British Columbia’s estate laws make joint partner trusts uniquely attractive in that province, said Carol Bezaire, vice-president of tax, estate and strategic philanthropy with Mackenzie Investments.

Provisions in the B.C. Wills, Estates, and Succession Act give judges the authority to alter wills that do not adequately account for the maintenance and support of the testator’s spouse or children, and redistribute assets as the judge deems “adequate, just and equitable in the circumstances.”

In recent years, several independent adult children have succeeded in making claims against estates despite being disinherited by their parents. But the outcome would have been different had the assets been held in joint partner trusts, Bezaire said.

“Property in a joint partner trust doesn’t fall under estate administration, so it’s not subject to will variation,” she explained.

Bezaire added that, nationwide, joint partner trusts can be an effective alternative to another estate planning document: the power of attorney. For incapacity issues in particular, she said, trusts are better suited to the nuances of a person’s shifting mental competency in later life.

Settlors can act as their own trustee, but many appoint someone else to perform the duties or add a substitute trustee using the trust agreement itself to detail the precise circumstances in which the alternate can take over.

“Everything is crystal clear as to who’s in control, and when,” Bezaire said.

On the downside, Weigl said, joint partner trusts may not be suitable for U.S. citizens living in Canada. There is a risk of double taxation involving the engagement of U.S. estate tax laws, which do not distinguish between property of the deceased’s trust and their estate.

“There are situations where a joint partner trust doesn’t make as much sense, so you have to do a cost/benefit analysis to make sure it is appropriate in your case,” Weigl said.

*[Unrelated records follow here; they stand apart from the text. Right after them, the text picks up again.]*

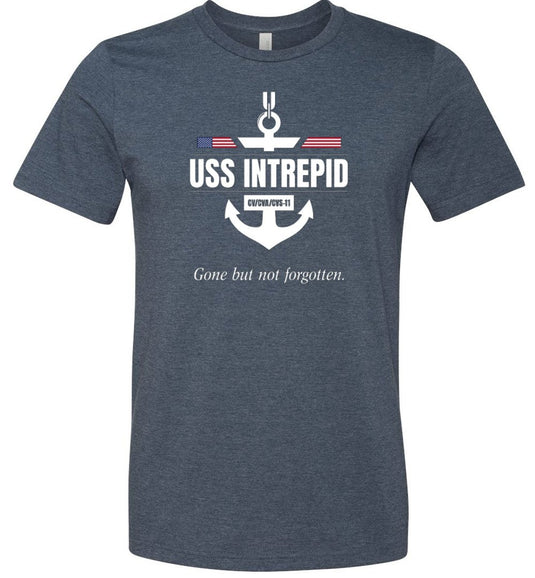 USS Intrepid CV/CVA/CVS-11 "GBNF" - Men's/Unisex Lightweight Fitted T-Shirt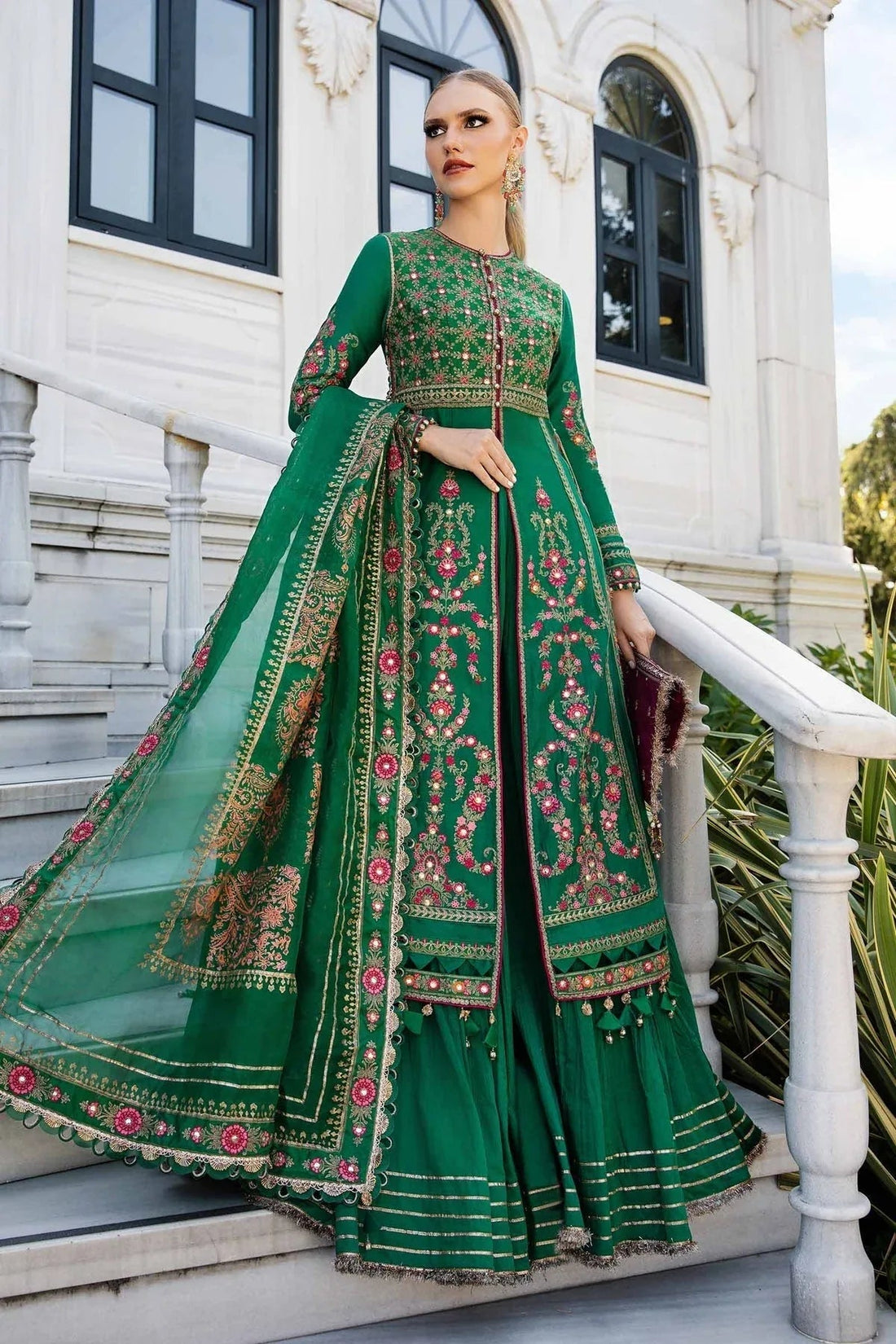 Maria B | Sateen Formals 24 | CST-811 - Aqsa Fabrics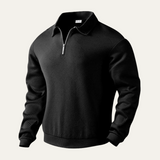 Men's Quarter Zip Lightweight Classic Fit Sweater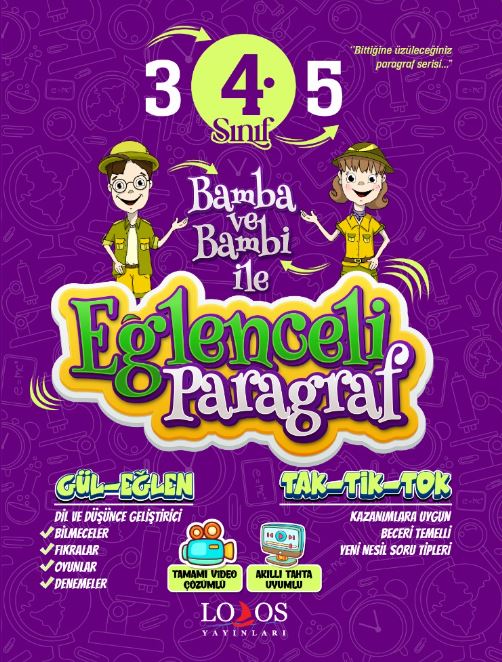 4.Sınıf Eğlenceli Paragraf Soru Bankası Rıdvan Yılmaz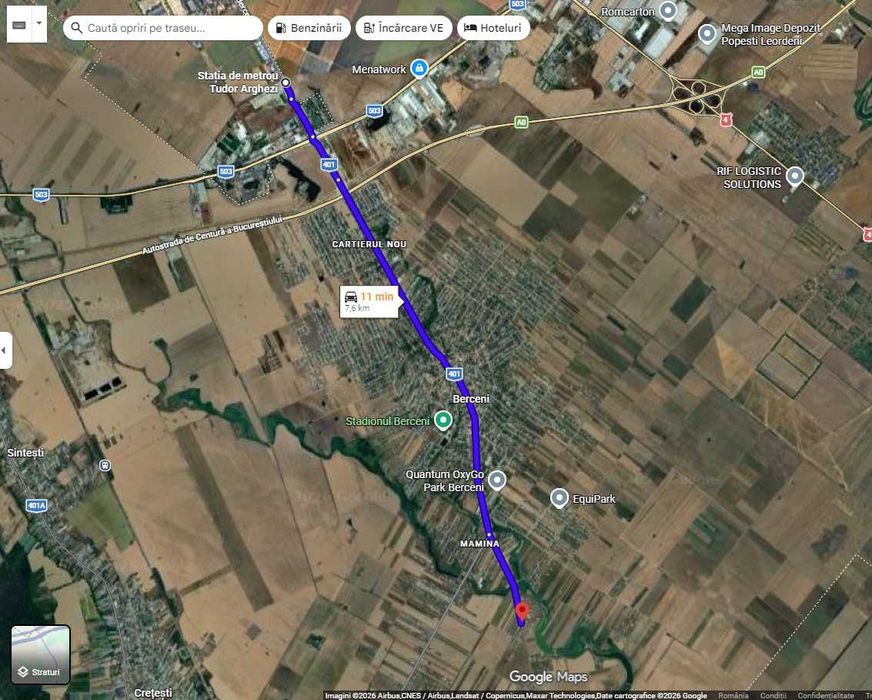Teren 470 mp Vidra Berceni și Dobreni, curent, proiect + autorizație constructie matalica valabila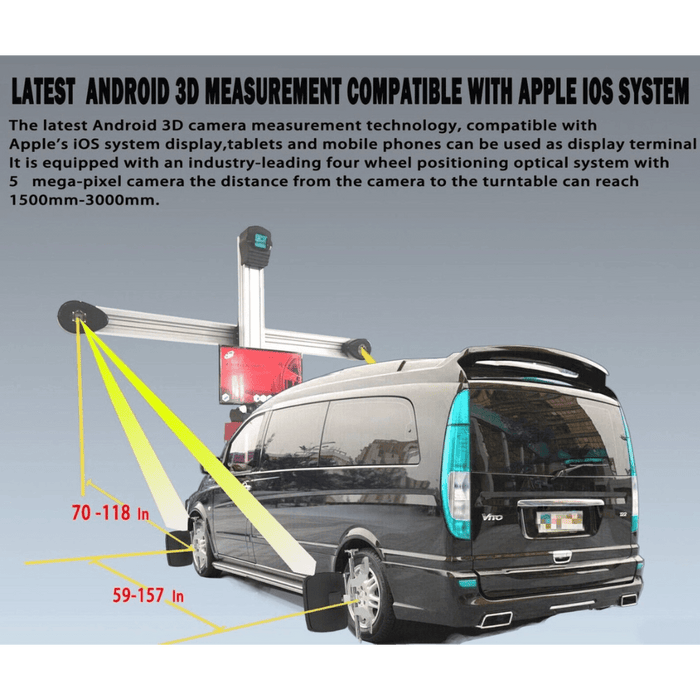 Katool KT-AV9 Wheel Alignment Machine Full-Automatic (Works on 2 Post Scissor Lift)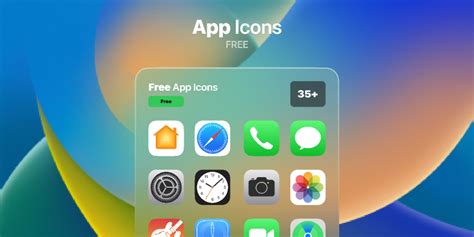 iOS 16 App Icons Figma UI Kit | UI4Free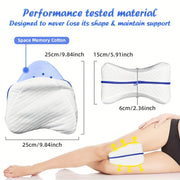 Leg Pillow Support for Back Hip Leg and Knee Relief Reduces Sciatica
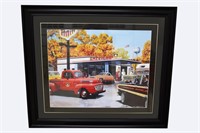 Framed and Matted Print American Garage by Ken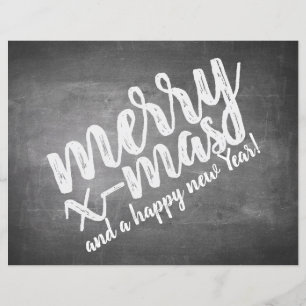 Kerstgroeten op het schoolbord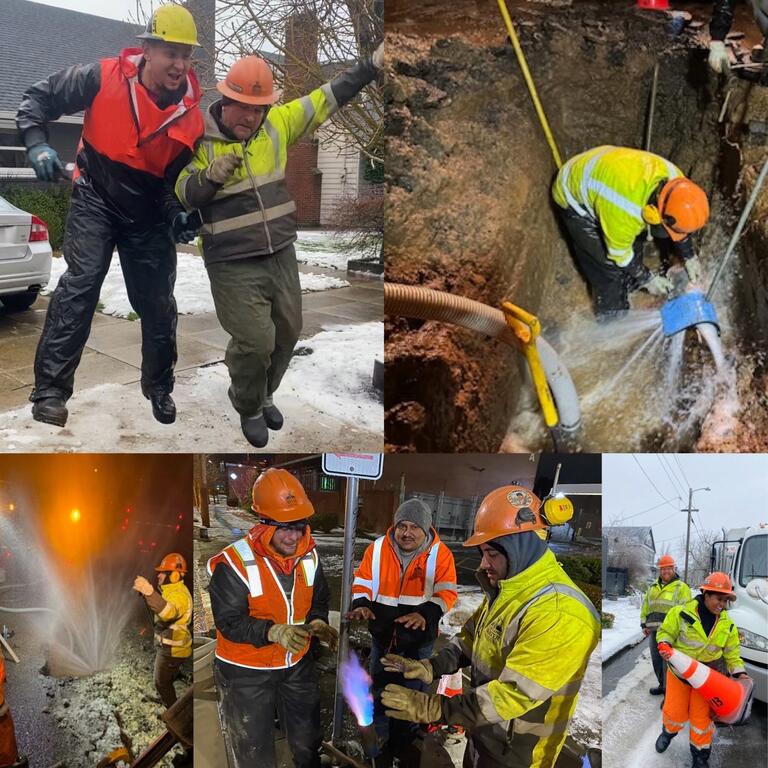 Portland General Electric (PGE) disaster response utility crew members 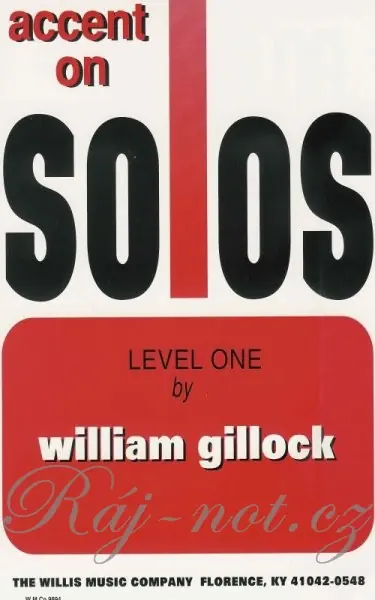 Accent On Solos Book 1 pro klavír od William Gillock Levný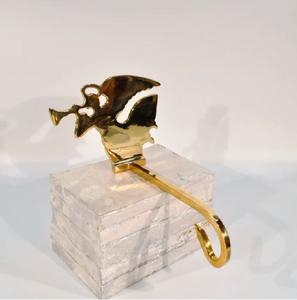 Soporte de media de Metal dorado antiguo Diseño de adorno festivo Perfecto para la decoración elegante de Navidad y vacaciones de mesa - Product Image 2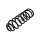Suspension Spring Rear Axle Coil Spring TRISCAN for VOLVO S70 and others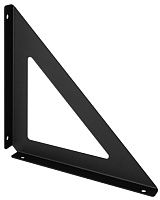 Кронштейн для полок 195х195 мм Домарт DELTA модель 1, белый/черный, 2 шт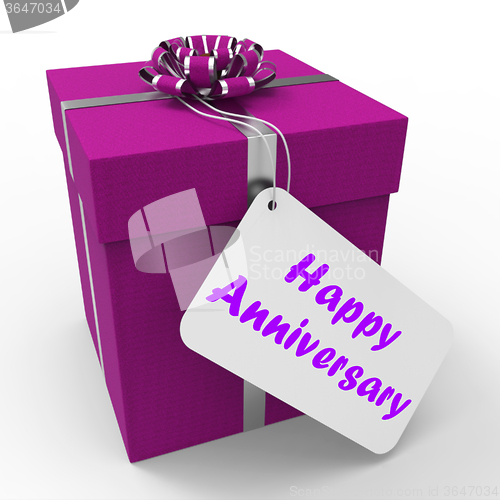 Image of Happy Anniversary Gift Shows Celebrating Years Of Marriage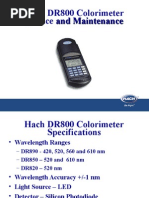 Procedures Manual: DR/890 Colorimeter | PDF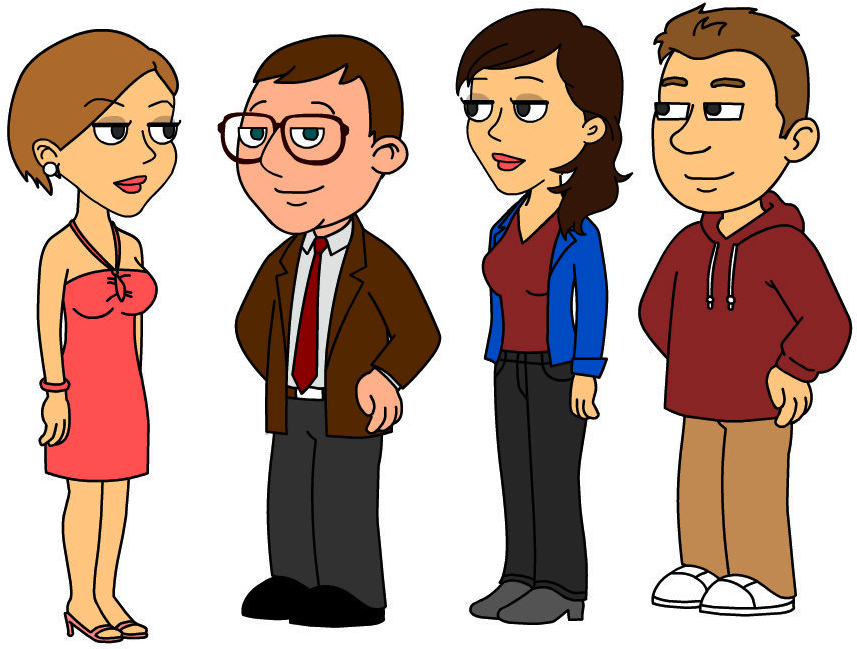 Goanimate Png , Png Download - Two People Watching Each Other Clipart (857x649), Png Download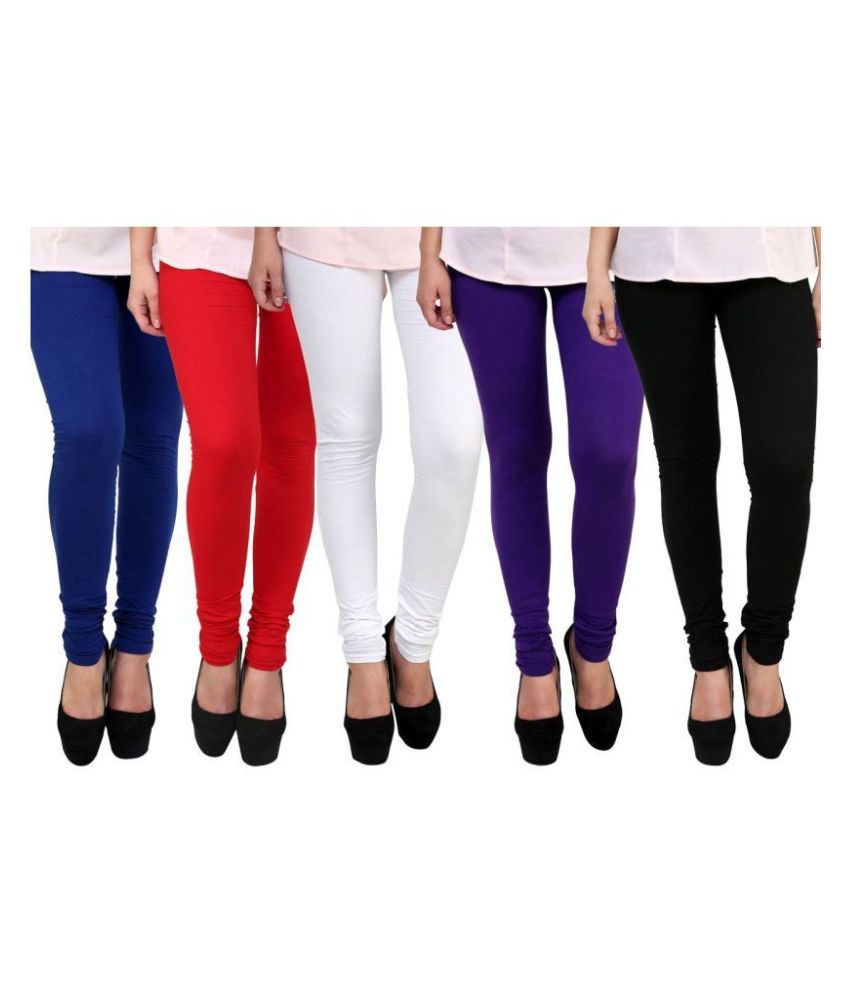     			FnMe Cotton Lycra Pack of 5 Leggings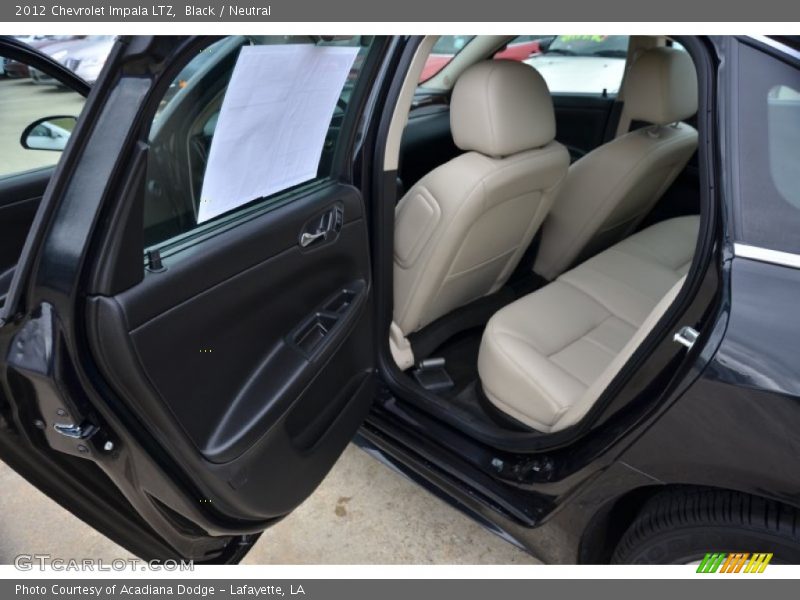 Black / Neutral 2012 Chevrolet Impala LTZ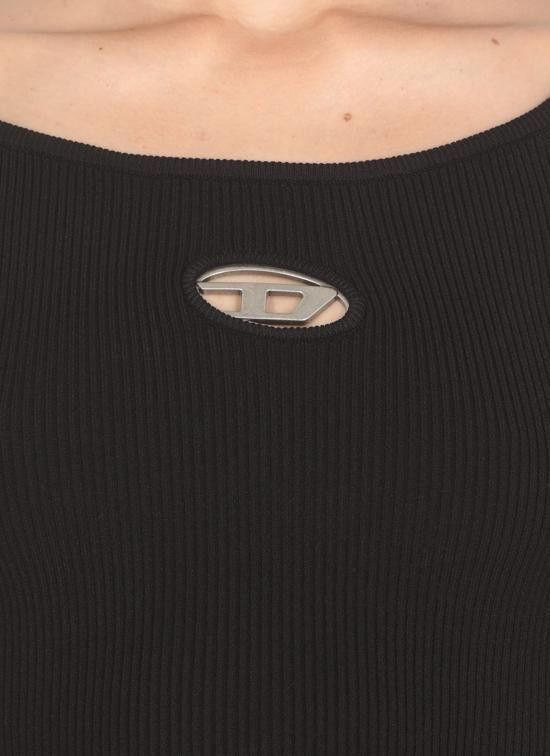 Diesel DIESEL Women Sweater A14189 0DLAX9XX Black Size M / US 6-8 / IT 42-44 - 5 Thumbnail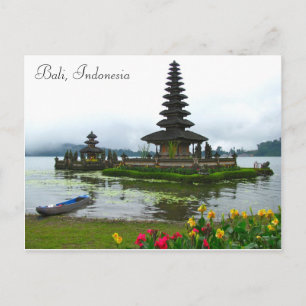 Carte Postale Bali, Indonésie - Pura Ulun Danu, Lac Bratan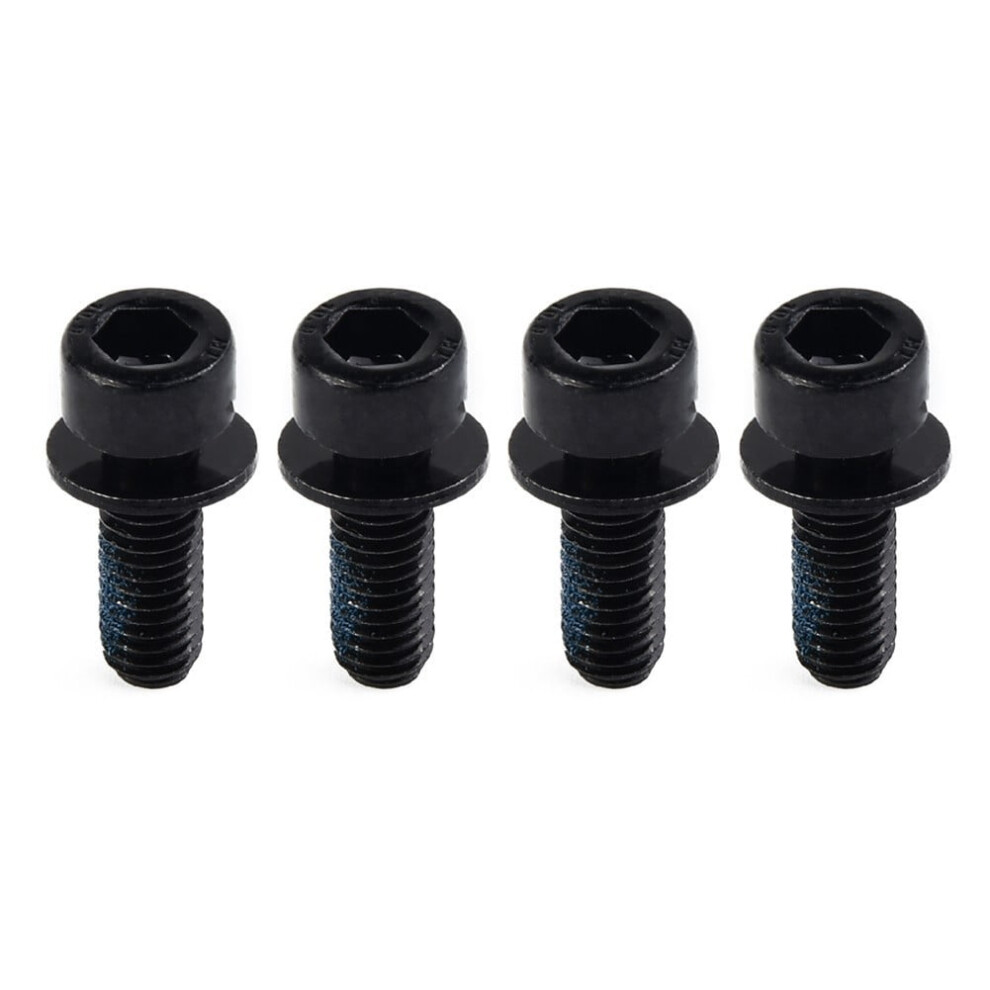 Damifu 4Pcs Bicycle Hydraulic Disc Brake Caliper Bolts Bike M6 Screws 9301715226305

O’Sullivan agreed. Because of the legal and other professional fees involved, she said, such trusts tend to be suitable only for those who own property of significant value.

“If you have less than $2 million in assets, you have to ask whether it’s worth setting up this extra trust if your only concern is saving probate fees,” she said, noting that such fees for an estate of that size in Ontario would be around $30,000. “It might cost you $10,000 to $15,000 just to set the trust up, and there are other ways to save on probate.”

The younger a client, the more weight they need to give to the ongoing expenses associated with the administration and management of a joint partner trust — including annual tax returns and professional advice on transactions, Weigl said: “If you’re looking at a longer life expectancy and smaller probate tax savings, then you have to start weighing whether it makes sense.”